Im Rahmen meiner Forschungen und in vielen Gesprächen wurde deutlich, dass trotz ehemaliger ideologiefixierter Geschichtsschreibung in der ehemaligen Tschechoslowakei, dem Deutschen Reich und der Bundesrepublik/DDR im Herzen Europas viele kulturelle und familiäre Gemeinsamkeiten bestanden und bestehen.
Erinnert werden soll ich hieran:

Der englische Historiker Arnold Joseph Toynbee nannte in "A Study of History" und in einem 1937 erschienenen Zeitungsartikel Böhmen „das Herz Europas“ (THE ECONOMIST, July 10. 1937, S 72).

 „… Liegt es in der Macht von Herrn Henlein und Präsident Beneš, das harte Sudetendeutschtum und das ebenso harte Tschechentum eines Tages, wenn sich der Wille zum Ausgleich auf beiden Seiten gleichzeitig zeigen sollte, miteinander zu versöhnen?
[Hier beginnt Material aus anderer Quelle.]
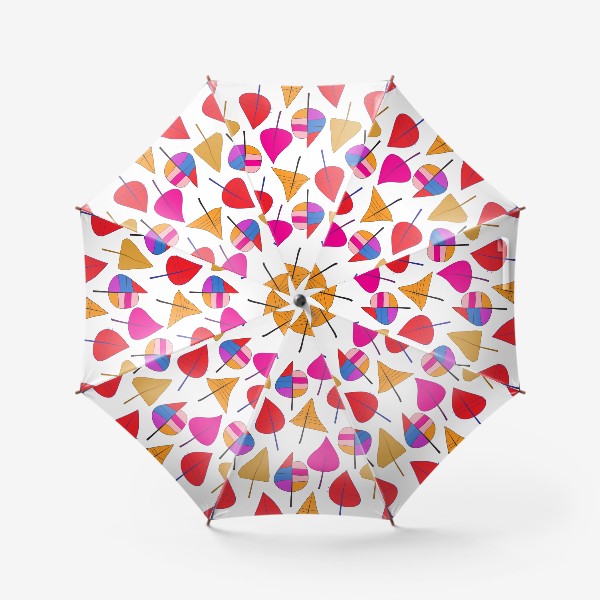 Зонт &laquo;Белый фон с абстрактными разноцветными листьями красного,  желтого, голубогоб розового цвета &raquo;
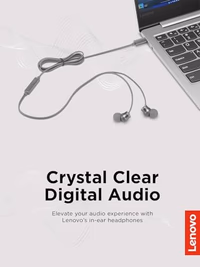 Lenovo - 300 Wired in-Ear USB-C Headphones - in-Line Microphone - USB-C Connectivity - Play & Pause Button - 3 Sizes Silicone Ear Tips Included, Grey thumbnail 2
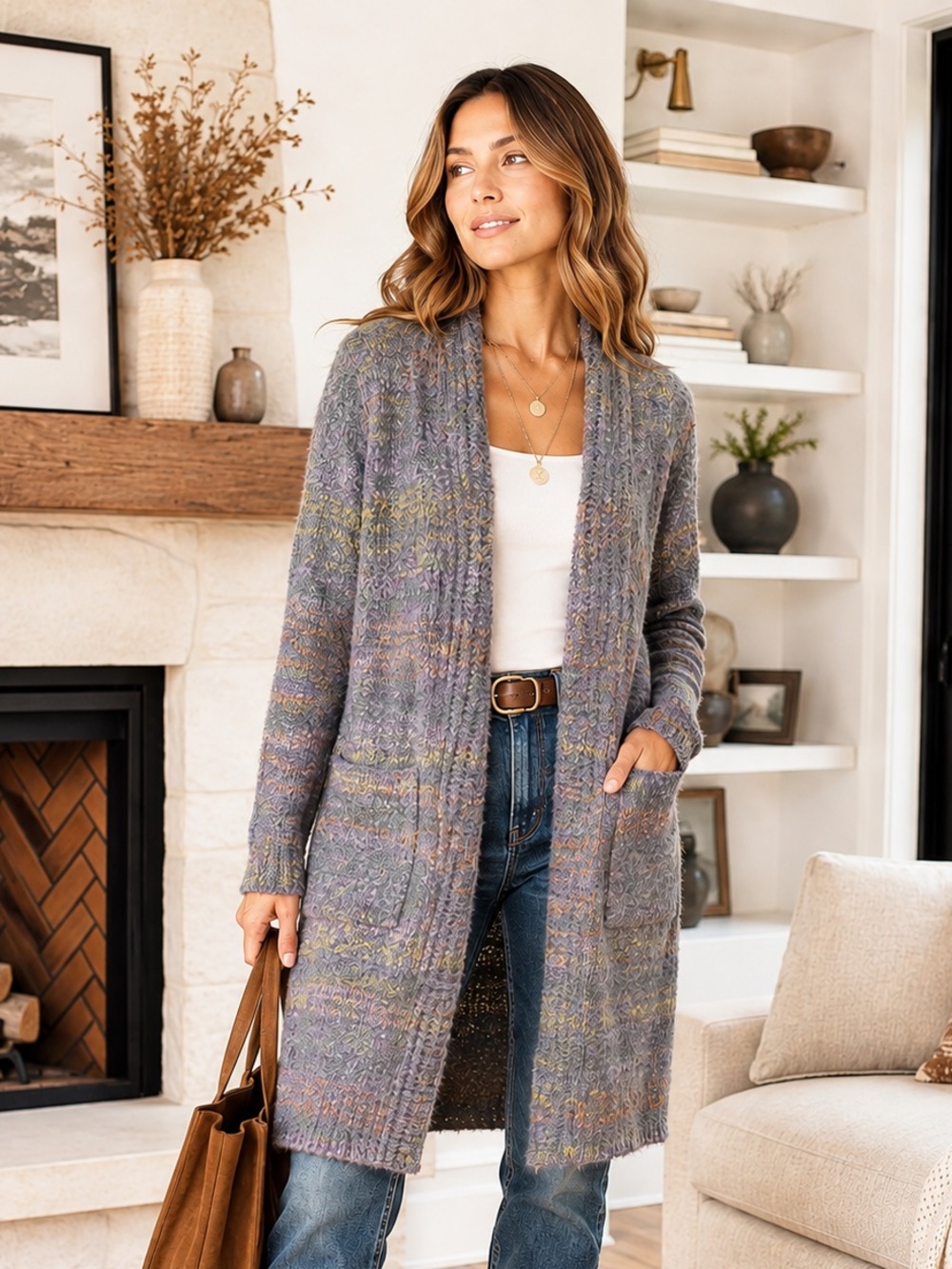 Lovestitch Long Knit Open Front Cardigan | Heathered Gray | Cozy Chic | Size L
Es ist eine verzweifelt schwierige Aufgabe und sie wird dadurch nicht leichter, dass man einander fortwährend provoziert. Die Weigerung, den Versuch dazu zu machen, oder ein etwaiges Misslingen müsste verhängnisvolle Folgen haben. Böhmen, wo diese beiden harten nationalen Streitkörper augenblicklich aufeinanderprallen, ist nun einmal das Herz Europas. …“

Toynbee, Arnold J.: „Das deutsche Problem der Tschechoslowakei“ in MITTELEUROPÄISCHE QUELLEN UND DOKUMENTE, Band 8, München 1938 - Dokumente sprechen. HERAUSGEGEBEN VOM SUDETENDEUTSCHEN RAT E.V. MÜNCHEN, MÜNCHEN 1938, Dokumente sprechen, 2 ., erweiterte Auflage, MÜNCHEN UNIVERSITÄTS-BUCHDRUCKEREI UND VERLAG DR. C. WOLF & SOHN 1964

So stellte sich mir die Frage immer wieder, warum die böhmisch-mährisch-schlesische Geschichte aus dem „Herzen Europas“ nicht nur in der ČSSR, sondern auch in der Bundesrepublik Deutschland, trotz vielfältiger Bemühungen aus dem Kreis der Heimatvertriebenen, an den Rand des kulturellen Gedächtnisses gedrängt werden konnte.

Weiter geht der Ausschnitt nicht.